Cookie cutter: Google Chrome update worries ad platforms
Google has outlined changes that will make it easier to delete third party cookies in Chrome without losing useful first party cookies. It's also moving to eliminate fingerprinting. That could pose problems for ad tech companies – and the broader digital marketing industry (AdWeek).
Key points:
- Chrome will allow first party cookies by default, leave users to choose whether to block third party cookies, and enable deletion of third party cookies while keeping first party cookies
- Developers will have to identify cross-site cookies
- Google also plans to “detect and intervene” against ‘fingerprinting’, where ad tech companies try to get around cookie blocking and track people using data such as IP address, browser add-ons, language and other identifiers
- Will also launch 'transparency' browser extension that shows all parties in the ad chain, data used to personalise ads, and companies with ad trackers present
- Google will preview features later this year
- Cites user experience, security and privacy as key motives
Changes to the tokens that underpin digital advertising's ecosystem could have deep ramifications for marketing strategies - and for the platforms that execute on behalf of brands and agencies.

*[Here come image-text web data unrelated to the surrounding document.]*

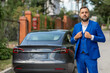 © Михаил Решетников - Caucasian bearded man in a blue suit stands near a black car in the countryside in summer.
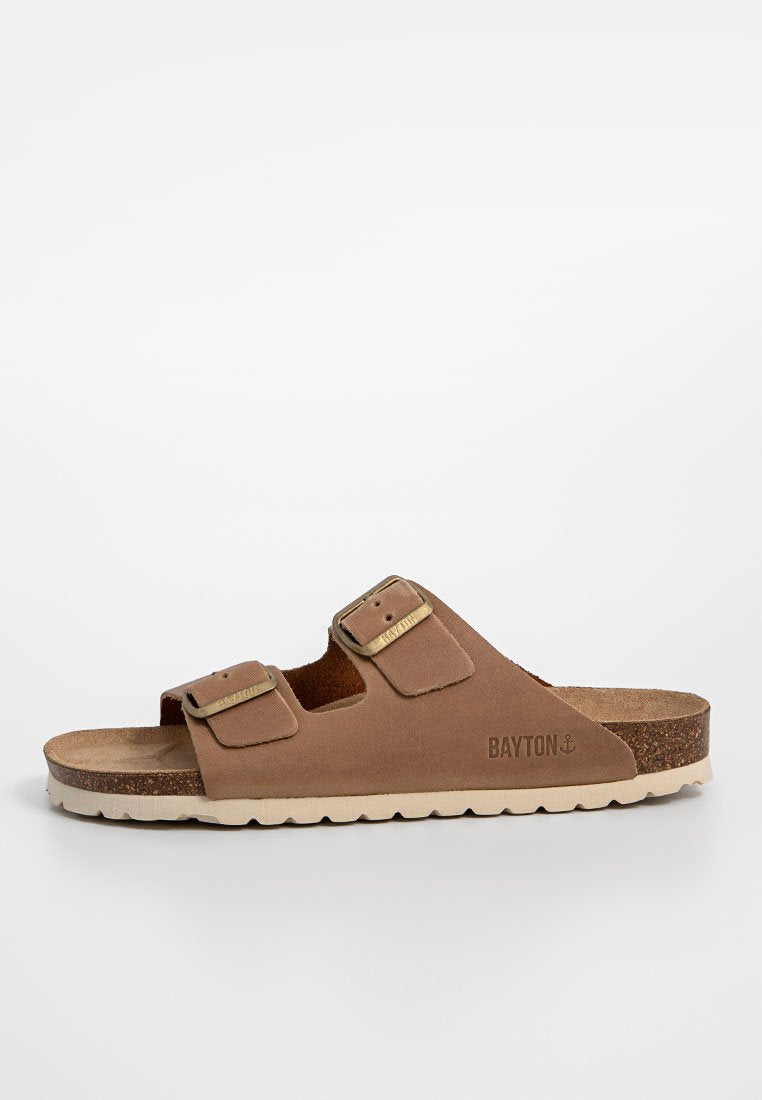 Braune Wildledersandalen mit zwei verstellbaren Riemen, goldfarbenen Schnallen und einer strukturierten Korksohle. Die weiße Sohle hat ein welliges Muster.
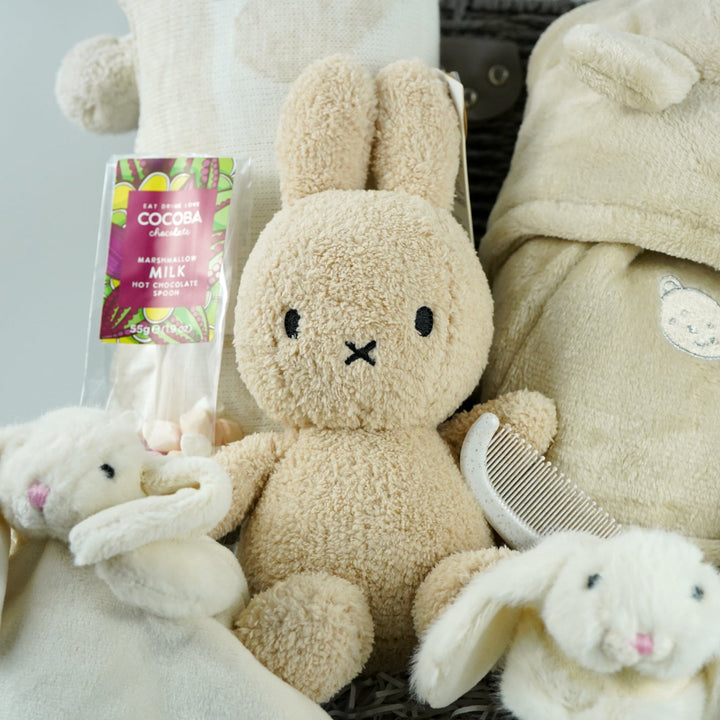 neutral baby gift hamper with  beige and caramel heart blanket with pompoms, baby dressing gown with cute ears, baby bunny slipper and matching bunny comforter, caramel miffy soft toy, chocolate spoon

But it hinges on whether people actually choose to block cookies - an unknown until Google implements its changes.
Google’s stated motives around data privacy have been met with scepticism, especially from ad tech companies that will suffer as a result of cookie changes.
There’s also the question of timing. As political pressure builds for lawmakers to rein in the titans of the surveillance economy, taking steps to head off regulatory intervention makes sound business sense.

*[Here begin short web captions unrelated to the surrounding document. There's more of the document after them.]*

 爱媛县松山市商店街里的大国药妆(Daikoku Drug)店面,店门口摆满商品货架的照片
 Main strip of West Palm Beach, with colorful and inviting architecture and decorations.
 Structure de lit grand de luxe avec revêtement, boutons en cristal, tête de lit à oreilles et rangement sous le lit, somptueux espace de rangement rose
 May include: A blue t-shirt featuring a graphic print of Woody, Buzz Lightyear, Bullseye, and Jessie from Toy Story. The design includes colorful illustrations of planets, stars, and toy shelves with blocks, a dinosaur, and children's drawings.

Yet Chrome is the world’s biggest browser, allied to the world’s biggest search engine and ad business. On past performance, Google is highly unlikely to do anything that hobbles its cash cow.
For the broader ad industry, cookie cutting could be transformational. For some, potentially terminal, which might just result in more money for Google. With users largely logged in - and opted in - for all the personalisation they can eat in return for free services, Google has less dependence on the code that underpins the business models of some of its competitors. Removing rivals' ability to create workarounds with fingerprinting compounds their looming problems.
A cynic may suggest that when it comes to privacy pivots and walled gardens, anything Facebook can do, Google can do better. Proponents argue that if it prevents the ad industry exploiting loopholes and stops people being chased around the internet by a pair of shoes they bought three weeks ago, there may yet be some upside. But parts of the digital ad industry are bracing for the worst: Omnicom Media Group CEO Scott Hagedorn believes the move "renders DMPs almost useless". He fears 80% of cookies will be wiped out.
Others believe the move will drive advertisers and publishers to create more premium private marketplaces or publisher alliances weighted towards first party data.
Either way, third party cookies have been on notice for the best part of a decade. Now the advertising industry and publishers have even greater impetus to collaborate on solutions.